En soixante ans d'activité, Chris Marker (de son vrai nom Christian Bouche-Villeneuve, né le 29 juillet 1921 à Neuilly-sur-Seine, et non à Oulan-Bator, comme il l'a laissé croire par facétie), a laissé en des domaines variés (articles, traductions, livres, photographies, films, installations, CD-ROM) de quoi déborder le plus maniaque des archivistes. Là où il a acquis la notoriété, hors des sentiers battus de la fiction, il est ardu de le suivre à la trace.

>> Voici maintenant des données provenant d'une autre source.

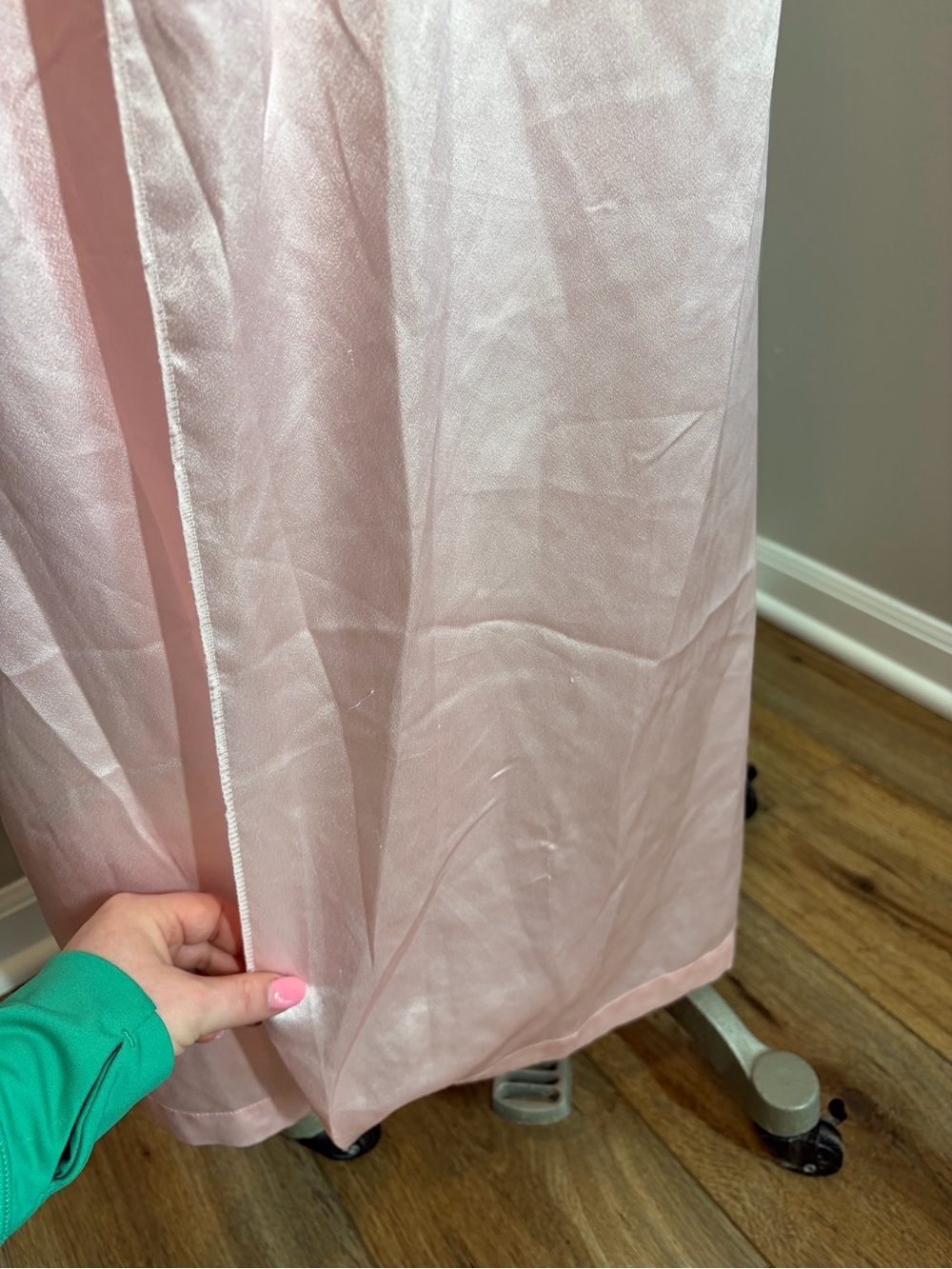 vintage pink satin coquette whimsical maxi romantic nightgown cape dress - Picture 9 of 13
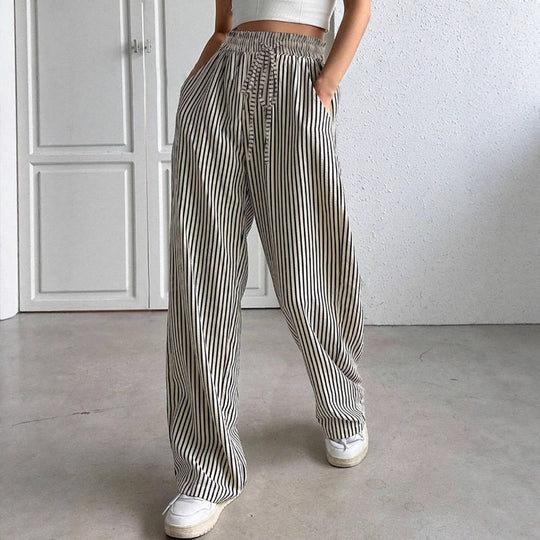 Damen weite Streifenhose mit Gummizug und Seitentaschen EB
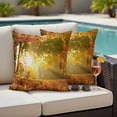 thumbnail image 4 of Orange Autumn Leaves Outdoor Waterproof Pillow Covers, Fall Trees Forest Country Rustic Decorative Square Throw Pillowcase Sofa Cushion Sham for Patio/Couch/Chair, 26"x26" 2 Pack, 4 of 8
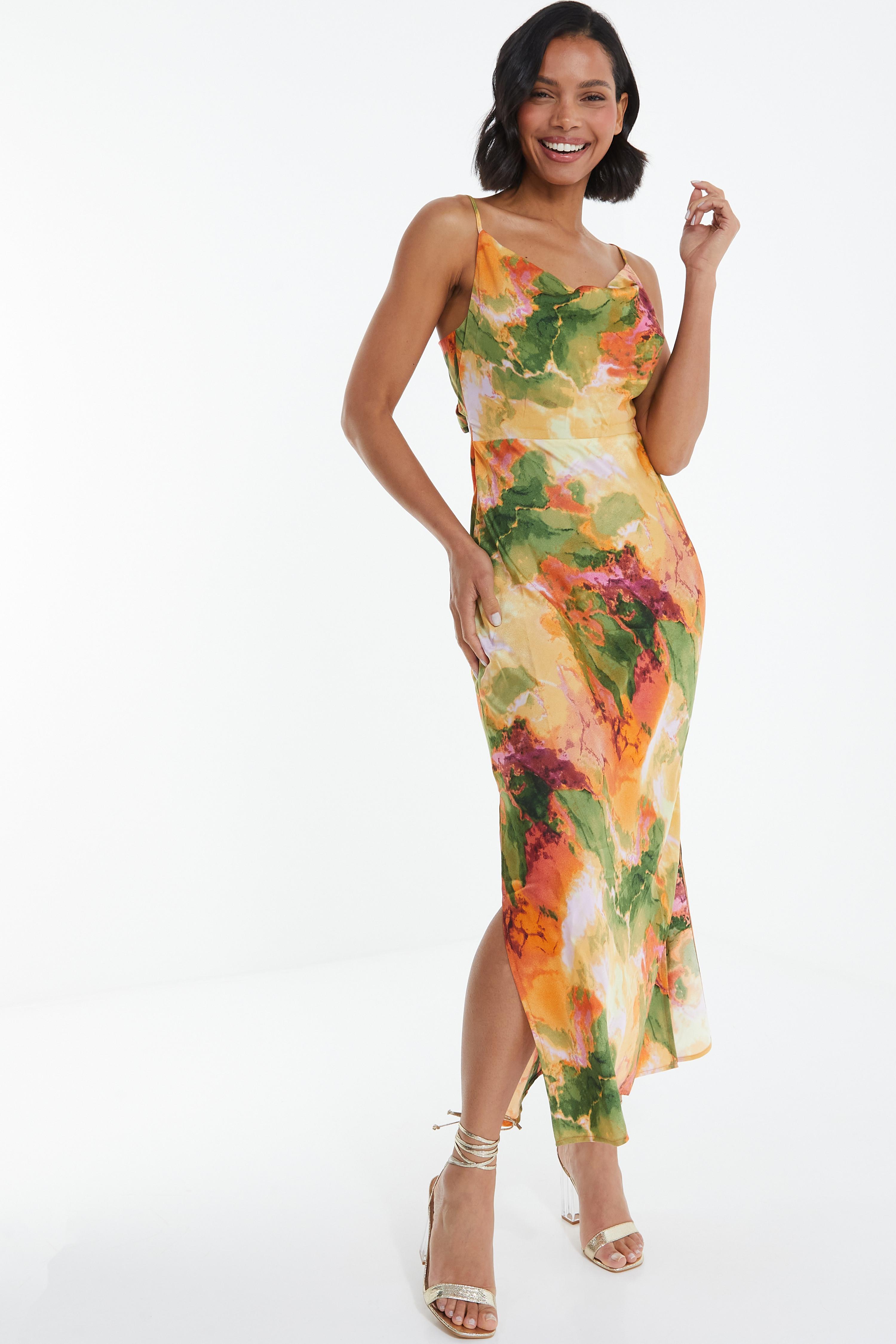 Satin Marble Print Midaxi Dress QUIZ Clothing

Car il a été tour à tour auteur complet, commentateur (son style étincelant lui a valu d'être sollicité par des cinéastes maîtres de l'image, mais en panne de commentaire), monteur, animateur de réalisations collectives, producteur, distributeur de films étrangers en délicatesse avec des gouvernements autoritaires.

Un maître de l'essai cinématographique

En 1949, son premier et unique roman, Le Cœur net, reçut un accueil discret de la critique et du public. L'auteur n'était pourtant pas tout à fait un inconnu, au moins des lecteurs d'Esprit, qui publiait sous la même signature, depuis 1946, des chroniques insolites, impertinentes, d'un style incisif et d'un humour froid.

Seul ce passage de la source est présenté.